I moved, acted, and reacted as if I were a horse with blinders, staring straight ahead at my next immediate objective, unable to heed my mind's various cries, denying the sense memory of what it was like to have that dark magic breathing down my neck and prickling upon my skin. Though those discomfiting sensations threatened to overtake me one by one, I beat them back with sheer will. I drove myself like a draft horse pulling weight, moving onward toward a specific task.
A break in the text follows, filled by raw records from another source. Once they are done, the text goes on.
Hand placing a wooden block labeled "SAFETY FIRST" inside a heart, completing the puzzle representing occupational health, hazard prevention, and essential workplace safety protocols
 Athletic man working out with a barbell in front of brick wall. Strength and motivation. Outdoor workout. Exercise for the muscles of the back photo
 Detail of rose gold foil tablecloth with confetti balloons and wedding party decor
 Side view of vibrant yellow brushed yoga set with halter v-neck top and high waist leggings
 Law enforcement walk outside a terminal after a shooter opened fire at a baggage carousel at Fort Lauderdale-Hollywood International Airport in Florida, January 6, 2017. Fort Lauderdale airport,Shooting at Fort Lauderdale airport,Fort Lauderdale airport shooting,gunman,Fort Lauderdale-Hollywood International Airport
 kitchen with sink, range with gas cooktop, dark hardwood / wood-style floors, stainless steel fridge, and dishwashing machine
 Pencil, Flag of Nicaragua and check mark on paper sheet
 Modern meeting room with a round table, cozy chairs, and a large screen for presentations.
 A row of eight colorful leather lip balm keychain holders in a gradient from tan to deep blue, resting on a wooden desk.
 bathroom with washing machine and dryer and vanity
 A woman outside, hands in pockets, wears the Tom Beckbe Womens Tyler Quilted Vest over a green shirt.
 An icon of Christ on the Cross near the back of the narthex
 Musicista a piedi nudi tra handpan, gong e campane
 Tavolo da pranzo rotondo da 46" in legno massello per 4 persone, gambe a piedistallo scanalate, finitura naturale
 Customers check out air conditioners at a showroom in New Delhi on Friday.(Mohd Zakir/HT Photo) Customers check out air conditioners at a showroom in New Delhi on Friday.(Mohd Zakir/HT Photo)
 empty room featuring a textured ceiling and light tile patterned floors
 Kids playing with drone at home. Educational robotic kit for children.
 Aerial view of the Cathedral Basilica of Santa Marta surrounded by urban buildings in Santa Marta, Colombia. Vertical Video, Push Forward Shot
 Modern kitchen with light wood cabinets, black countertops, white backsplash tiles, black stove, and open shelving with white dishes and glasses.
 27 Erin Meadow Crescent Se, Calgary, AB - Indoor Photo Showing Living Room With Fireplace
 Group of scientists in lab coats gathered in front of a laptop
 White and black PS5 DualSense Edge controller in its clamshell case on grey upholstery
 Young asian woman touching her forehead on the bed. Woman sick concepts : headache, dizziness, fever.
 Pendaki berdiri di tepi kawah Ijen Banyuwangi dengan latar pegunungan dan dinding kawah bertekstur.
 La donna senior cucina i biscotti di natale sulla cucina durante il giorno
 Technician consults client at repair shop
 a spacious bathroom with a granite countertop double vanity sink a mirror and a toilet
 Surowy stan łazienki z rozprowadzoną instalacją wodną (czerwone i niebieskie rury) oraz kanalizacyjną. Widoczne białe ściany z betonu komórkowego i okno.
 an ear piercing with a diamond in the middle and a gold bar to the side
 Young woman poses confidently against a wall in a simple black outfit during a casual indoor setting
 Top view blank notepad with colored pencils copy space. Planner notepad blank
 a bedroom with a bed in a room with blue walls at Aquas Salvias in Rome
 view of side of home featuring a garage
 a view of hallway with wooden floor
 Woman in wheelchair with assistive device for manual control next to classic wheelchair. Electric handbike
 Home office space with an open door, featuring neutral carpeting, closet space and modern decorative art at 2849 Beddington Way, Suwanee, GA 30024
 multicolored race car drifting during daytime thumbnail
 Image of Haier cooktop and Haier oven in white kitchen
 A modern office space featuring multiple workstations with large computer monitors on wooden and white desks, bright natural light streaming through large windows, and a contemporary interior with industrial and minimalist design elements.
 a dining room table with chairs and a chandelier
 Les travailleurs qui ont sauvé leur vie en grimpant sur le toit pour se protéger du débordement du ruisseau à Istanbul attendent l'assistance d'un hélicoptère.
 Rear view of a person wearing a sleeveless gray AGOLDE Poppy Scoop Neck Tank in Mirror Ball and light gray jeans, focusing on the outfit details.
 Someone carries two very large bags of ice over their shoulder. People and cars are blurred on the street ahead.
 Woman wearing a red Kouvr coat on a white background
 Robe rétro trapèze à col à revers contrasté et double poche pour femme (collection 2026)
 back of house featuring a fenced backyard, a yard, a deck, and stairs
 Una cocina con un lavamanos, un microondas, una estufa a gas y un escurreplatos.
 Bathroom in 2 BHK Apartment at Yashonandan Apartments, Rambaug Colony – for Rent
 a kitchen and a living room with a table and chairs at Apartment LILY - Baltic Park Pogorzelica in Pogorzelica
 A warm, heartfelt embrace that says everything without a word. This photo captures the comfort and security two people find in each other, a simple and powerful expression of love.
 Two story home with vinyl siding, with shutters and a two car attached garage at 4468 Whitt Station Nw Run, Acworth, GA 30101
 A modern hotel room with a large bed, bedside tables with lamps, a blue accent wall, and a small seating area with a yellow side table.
It was the second or the third day in—the days began to blur immediately—that I allowed myself to truly pause for breath, staring out over the vast and unfathomable Atlantic Ocean under a brilliantly moonlit sky that I hadn't seen quite so unhindered in some time, due to Manhattan's constant gaslight. I permitted a moment to take stock of myself and my state. My anxiety kept pace at a dull thrum to match the steam engines decks below my boots. I had hoped against hope the steamer would make a bit better headway and arrive to port a bit ahead of schedule.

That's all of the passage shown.